Posted Jul 13, 2022 - 17:08 UTC

Resolved
Hello Everyone,

After an exhaustive investigation and superb support from the Microsoft engineering team we have identified the root cause and put mitigation controls in place. At this time, we are not seeing any issues reported or through our telemetry.

There will be a detailed Post-mortem published shortly. In the meantime, we can share that the root cause was down to a specific environmental configuration and the mishandling of the SmartClient.
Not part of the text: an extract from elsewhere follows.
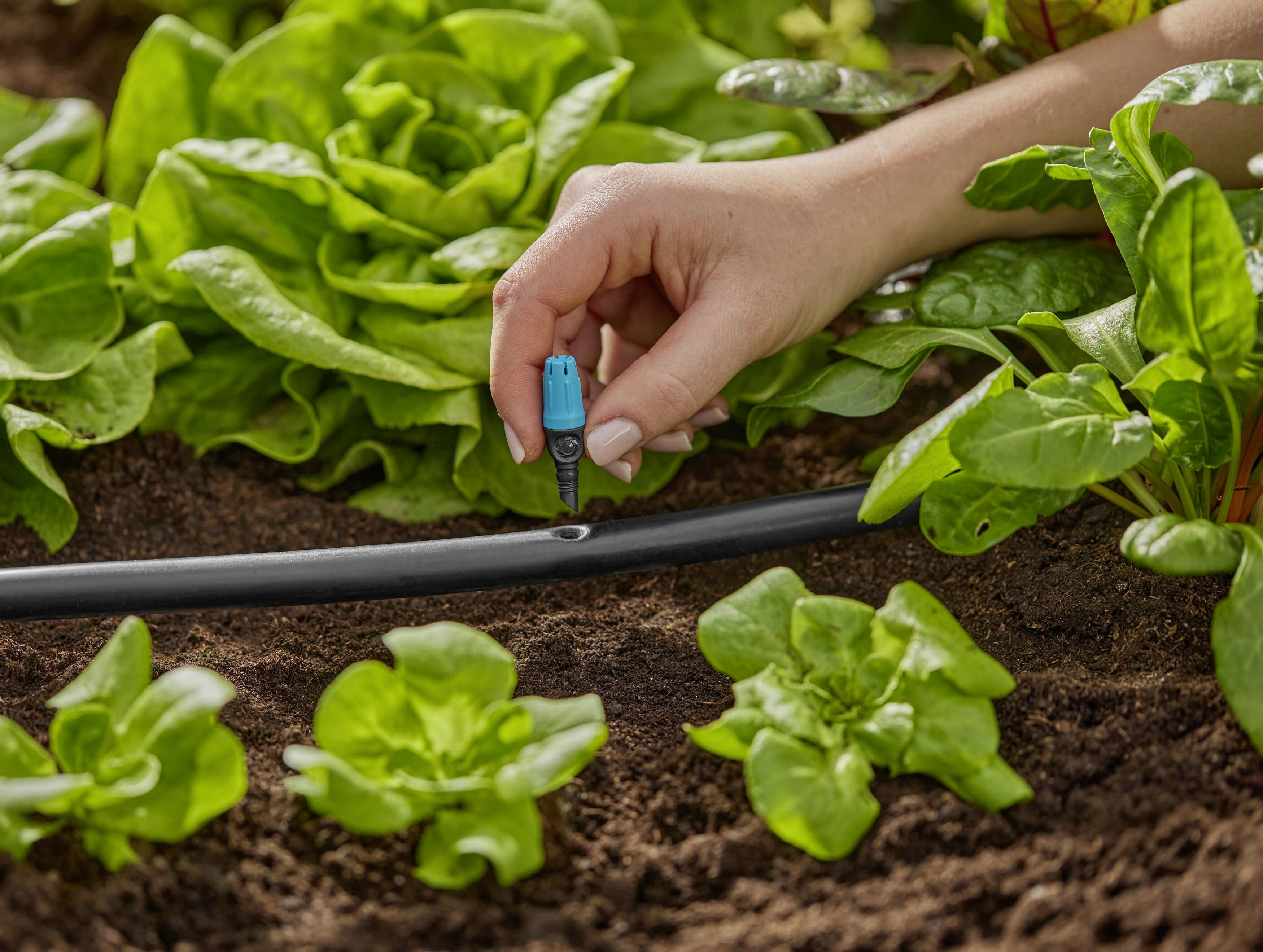 GARDENA Micro-Drip System 13306-20 Endkleinflächendüse 13 mm (1/2") Ø-2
If companies have a situation where they are switching or sitting behind multiple proxies the SmartClient will create multiple connections and exhaust resources faster than expected.
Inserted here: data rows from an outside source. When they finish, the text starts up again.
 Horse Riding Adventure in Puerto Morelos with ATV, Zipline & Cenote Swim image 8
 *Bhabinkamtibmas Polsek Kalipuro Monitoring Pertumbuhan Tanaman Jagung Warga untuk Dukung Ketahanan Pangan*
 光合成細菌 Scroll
We are working on updates to the SmartClient to handle this condition in our 2022.3 September release. Further details will be in the Post-mortem and what actions are required to ensure you are on the latest version.
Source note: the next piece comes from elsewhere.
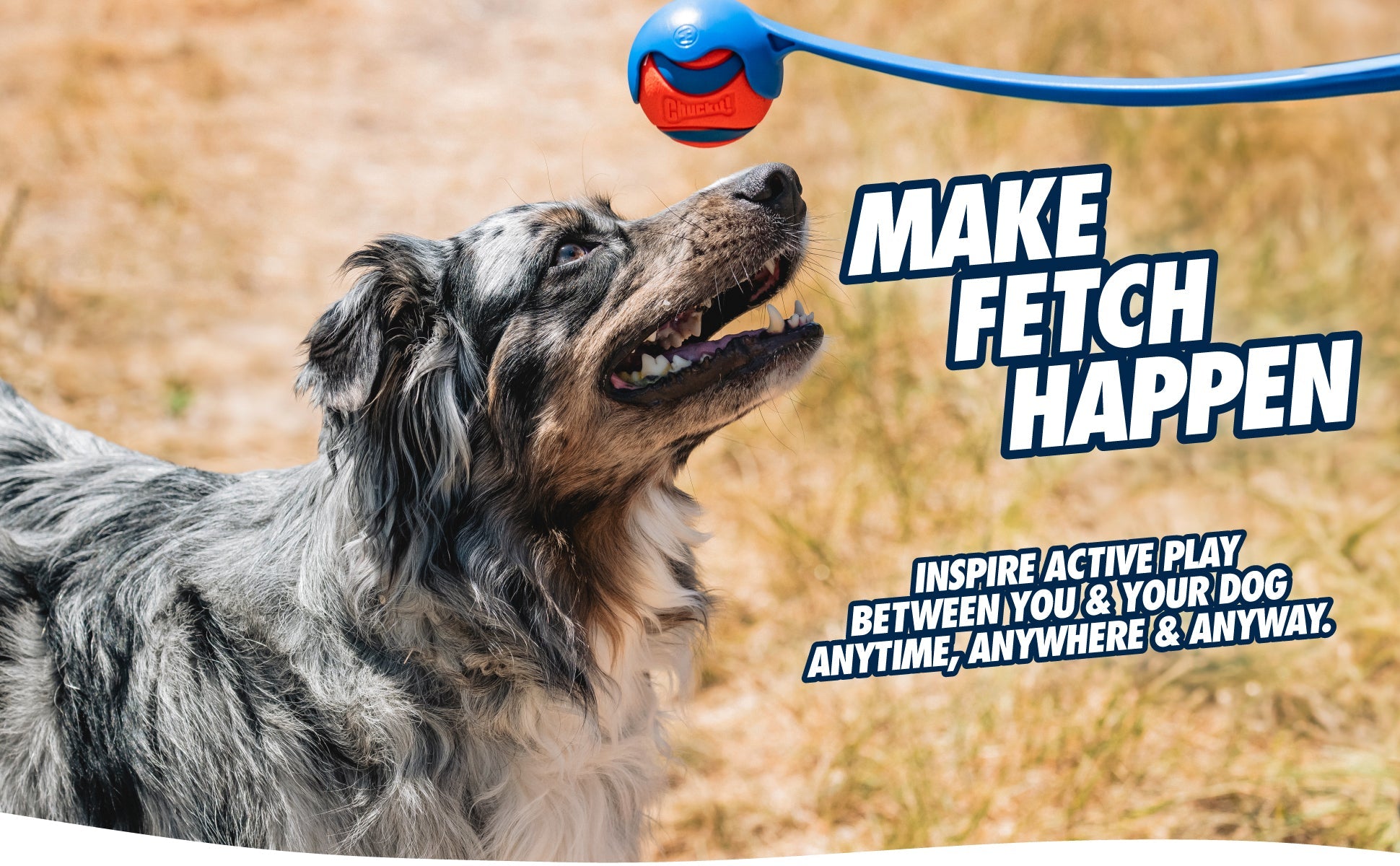 Chuckit! Sport Launcher - all for animals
Thanks for your patience during this investigation.

Kind Regards

uniFLOW Online Operations Team.
Posted Jul 12, 2022 - 11:30 UTC
Update
Hello Everyone,

We are seeing great results with the mitigation controls currently in place. We will continues to monitor throughout this week and provide further updated shortly.

Kind Regards
uniFLOW Online Operations Team.
Posted Jul 07, 2022 - 08:03 UTC
Monitoring
Dear all,
together with Microsoft, we have made some headway today and steps have been undertaken to mitigate the issue. We are moving this incident into a 'monitoring' state and will continue to work with Microsoft to implement a permanent solution.
Posted Jun 30, 2022 - 20:40 UTC
Update
We are continuing our investigation with Microsoft. At this point, all available logs and telemetry data point to an issue specific to the Australian (AU) Deployment (Infrastructure/Datacenter). We do not expect this issue to appear in other regions but remain vigilant.
Posted Jun 30, 2022 - 11:02 UTC
Update
Investigation with Microsoft is continuing but SmartClients are already reconnecting.
We will keep you updated about the ongoing investigation and further details.
Posted Jun 29, 2022 - 09:32 UTC
Update
Hello Everyone,

We still have this issues under investigation and working to identify the cause.

Regards
uniFLOW Online Operations Team
Posted Jun 29, 2022 - 06:21 UTC
Update
We are continuing to investigate this issue.
Posted Jun 29, 2022 - 02:33 UTC
Investigating
Hello Everyone,

Our monitoring and telemetry is indicating that SmartClients are disconnecting from our uniFLOW Online Cloud Service. This issues was initially experienced earlier in the week but resolved through improvements to resource scaling. We are currently experiencing a similar issue but not down to any resource limits.

Our operations team are working with Microsoft engineers to check the underlying Azure service infrastructure.

Important: Printing will continue to work. In the event of the SmartClient disconnecting from the cloud service it will switch to 'Emergency Mode' automatically. With this you can select a nearby printer to release your print jobs.

Please note: You can change your email notification subscription to only receive notifications affecting deployments you’d like to watch. To do this, click ‘Manage your subscription’ in the email footer of the status page email notification.

Kind Regards
uniFLOW Online Operations Team
Posted Jun 29, 2022 - 02:27 UTC
This incident affected: AU Deployment (Printing).